МЕНТЫ И КОПЫ
Американский обыватель доверяет полиции. Он панибратски и без особого почтения называет полисменов "копами", как и везде, подтрунивает над их упертой "служивостью", но при этом, как, пожалуй, нигде в мире, считает этих крепких мужиков с их профессионально позитивным видом, своими людьми.
Простодушное американское сознание, поделившее человечество на хороших и плохих ребят, полицейским отводит роль "хороших" парней, защитников американских ценностей и носителей американских добродетелей. Так было не всегда. В 50-м пресинкте, то есть местном отделении, я имел откровенную беседу с главным здешним "детективом". На фоне молодых коллег он выглядел ветераном и помнил времена, когда нью-йоркские копы не ведали о заповедях политкорректности и вели себя с бесцеремонностью московских ментов.

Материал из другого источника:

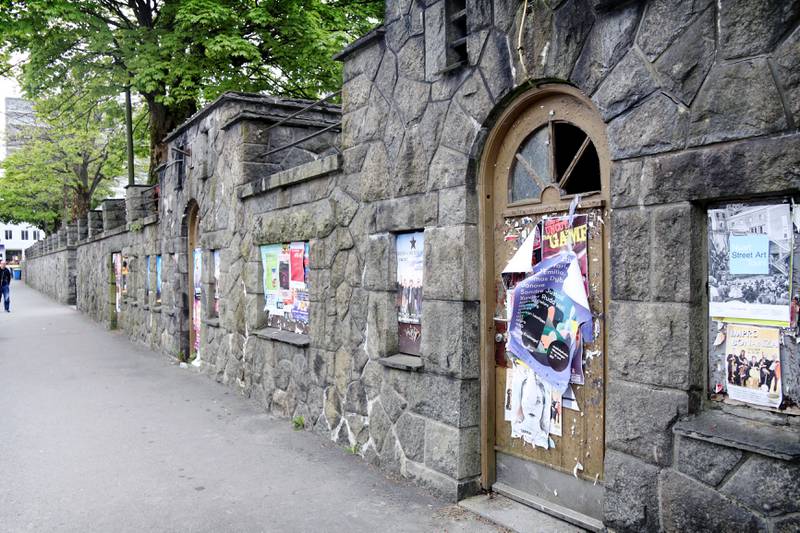 Dørene i muren på Nytorget leder ned til de gamle toalettene. FOTO: TONE HELENE OSKARSEN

- Бывало, едешь вечером по улице, увидишь чем-то подозрительного чернокожего, а ну, поди-ка сюда, парень! И - раз ему по морде! Он обижается: за что, босс?! А ни за что, на всякий случай, чтобы знал, кто здесь начальник. (Он даже не подозревал, что почти дословно цитирует известный российский анекдот: знал бы за что, убил бы!) Потом в обществе созрело сознание: с демократией такие привычки несовместимы. Чего стоит общество, если его членов можно безнаказанно унижать?
Он не брался утверждать, что все американские копы сделались воплощенными ангелами-хранителями гражданских прав и свобод. Однако правила корректного исполнения своего долга усвоили четко. Недостойным поведением полисмен компрометирует не только себя, но и "дядю Сэма". А над государством в этом царстве индивидуализма иронизировать не принято. Дело полицейского не воплощать собою духовные идеалы, а блюсти закон. Но как-то так выходит, что блюсти его лучше получается у морально устойчивых лиц. Неподкупности легче подчиняться.
Берут ли американские полицейские взятки? Взятка должна быть ну очень большой, чтобы полисмен рискнул ее принять. Копы, конечно, не миллионеры, однако в жизни надежно устроены. Позволив себя подкупить, полицейский теряет все. Прежде всего - доброе имя, чего ему никогда не простит профессиональная среда, ибо почувствует себя скомпрометированной. С тем, что преступность невозможно искоренить до конца, полиция может смириться. С чем ей свыкнуться невозможно, так это с перспективой срастись с организованным криминалитетом. Одно лишь подозрение в этом разом перечеркивает смысл ее существования. А если вдуматься, то и государства в целом.
Меня не покидало ощущение, что я много раз слышал эти справедливые слова. Именно об этом твердила в свое время советская пропаганда. Вывод очевиден: какую бы идеологию ни исповедовали правоохранительные органы, какое бы название они ни носили, они служат, во всяком случае, в принципе не политическому режиму
и не правящей элите и уж тем более не конкретному начальнику, а самой идее цивилизованного общества.
В США суть ее в том, чтобы вполне конкретными средствами оберегать то, что несколько расплывчато именуется американской мечтой. Иными словами, некий фантом удачи, который ожидает в этой стране всякого, кто этого достоин. Разумеется, в этой утопии позволительно усомниться. Однако с фактами не поспоришь: надежность американского образа жизни даже посреди бессонного и безумного Нью-Йорка с его разноязыкой толпой, с темнокожими ораторами на каждом углу, произносящими в пустоту огненные речи, с неизбежным соседством самой респектабельной и самой криминальной публики в мире, эта несомненная надежность цементируется повсеместным присутствием невозмутимых и приветливых копов.